I'm excited about the control and consistency the Passport can provide once I understand the little details you are nice enough to explain.

I have the DNG converter and want to check out the DNG editor you mentioned.

Thanks a lot !

Rex 
www.rexlarsen.com


----------



## Drizzt321 (Oct 17, 2013)

You know, I keep seeing the Colour Passport being recommended, but I never looked up how much it was. I actually expected it to cost a bunch more! Guess it's time I finally got one


----------



## JennyGW (Sep 5, 2017)

rlarsen said:


> I love my 5D MK lll bodies but I often struggle with getting high quality skin tone even though I use a custom white balance. Too often I am challenged to reduce excess magenta, red and pinkish tones from skin color and also deal with too much yellow.

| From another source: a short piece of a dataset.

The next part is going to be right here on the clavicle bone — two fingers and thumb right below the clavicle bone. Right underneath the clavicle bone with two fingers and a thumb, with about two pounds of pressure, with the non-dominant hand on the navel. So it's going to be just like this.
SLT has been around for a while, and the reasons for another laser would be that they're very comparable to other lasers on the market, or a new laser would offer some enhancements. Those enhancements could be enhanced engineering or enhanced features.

I know the is an old post, but I hope this reply helps others with the same problem.

The 5D Mark II has issues with skin tones and I believe the 5D Mark III might have the same problem.

The Colour Checker Passport is a rip off, a complete waste of money. I have one, it's crap, a waste of £80.

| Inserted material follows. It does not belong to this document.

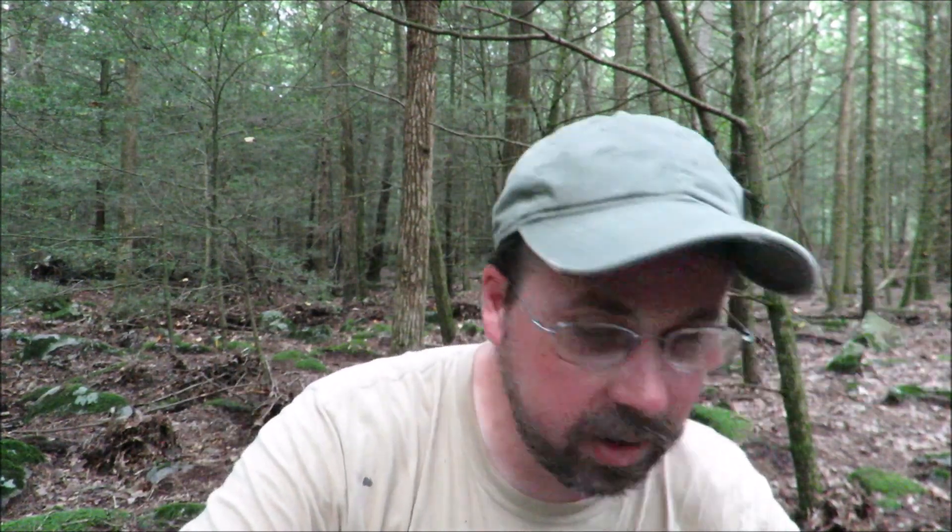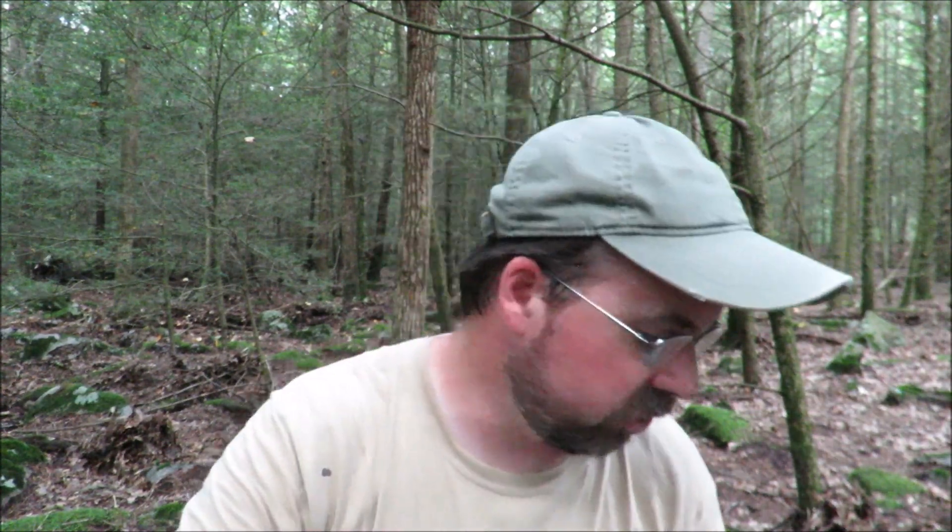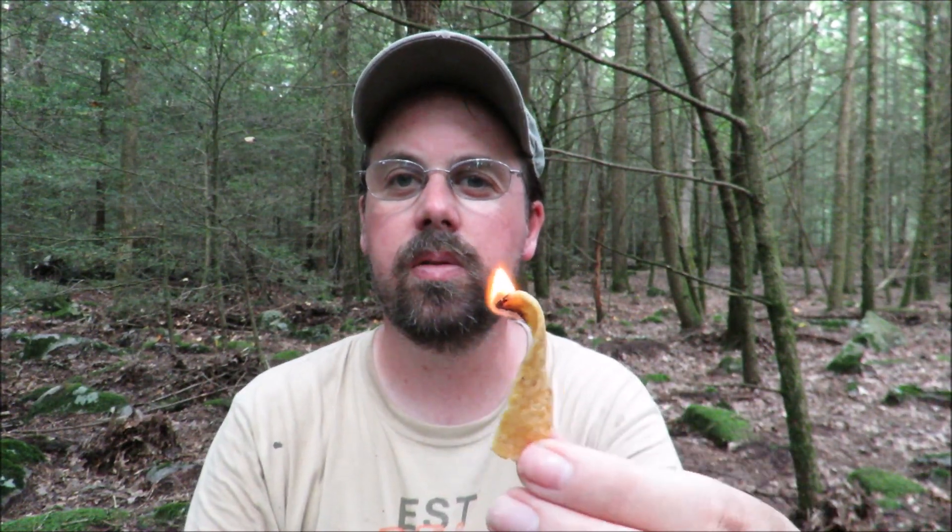Fire starter number two is something you're all familiar with: Fritos corn chips. I got a medium bag — couldn't find a small bag, but I like to eat them anyway. I've got just one single corn chip out. I know these burn — I've tried this before. Let's get the lighter going. There she goes — holds a nice steady flame. Once again, if you had a whole pile of these they would burn very nicely and help get your fire going.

For years I have had this problem, I have 2 x 5D2's and a 40D. The 40D gives better skin tones than the 5D2. 

I went through modifiers thinking they were giving casts, displays, I suspected everything - right down to my studio walls. 

I will say it again to clarify The 5D Mark II DOES have a problem with skin tones. They can look red, blotchy, over saturated and just horrible.


----------



## Viggo (Sep 5, 2017)

JennyGW said:


> rlarsen said:
> 
> 
> > I love my 5D MK lll bodies but I often struggle with getting high quality skin tone even though I use a custom white balance. Too often I am challenged to reduce excess magenta, red and pinkish tones from skin color and also deal with too much yellow.
> ...



Can I ask what you don't like about the ColorChecker?

Since I bought it I haven't processed a single shot without a CC profile, I think it's superb. And the absolutely quickest way to get accurate color always. I still use CBL for white balance, both wonderful tools.


----------



## aceflibble (Sep 6, 2017)

First, it's really bad form on any forum to bump a thread that's been dead for four years.

Second, Canon's DIGIC 2 and 3 cameras were notorious for having technically inaccurate but commonly more pleasing skin tones. That's your 40D. The 5D2 uses a DIGIC 4 and the 5D3 uses a DIGIC 5+; these give more accurate skin tones, but a few people find this accuracy less pleasant. (Same reason some people don't like lenses which are 'too' sharp and why many are still trying to emulate a 'film' look; it's also similar to how some people swear vinyl sounds better than digital music, even though it is, factually, more limited.) 
Of course the lower resolution of the 40D and the softer look of APS-C means you're also seeing a more 'averaged' image, which again can be pleasing for portraits though it is, like the colour, technically less accurate.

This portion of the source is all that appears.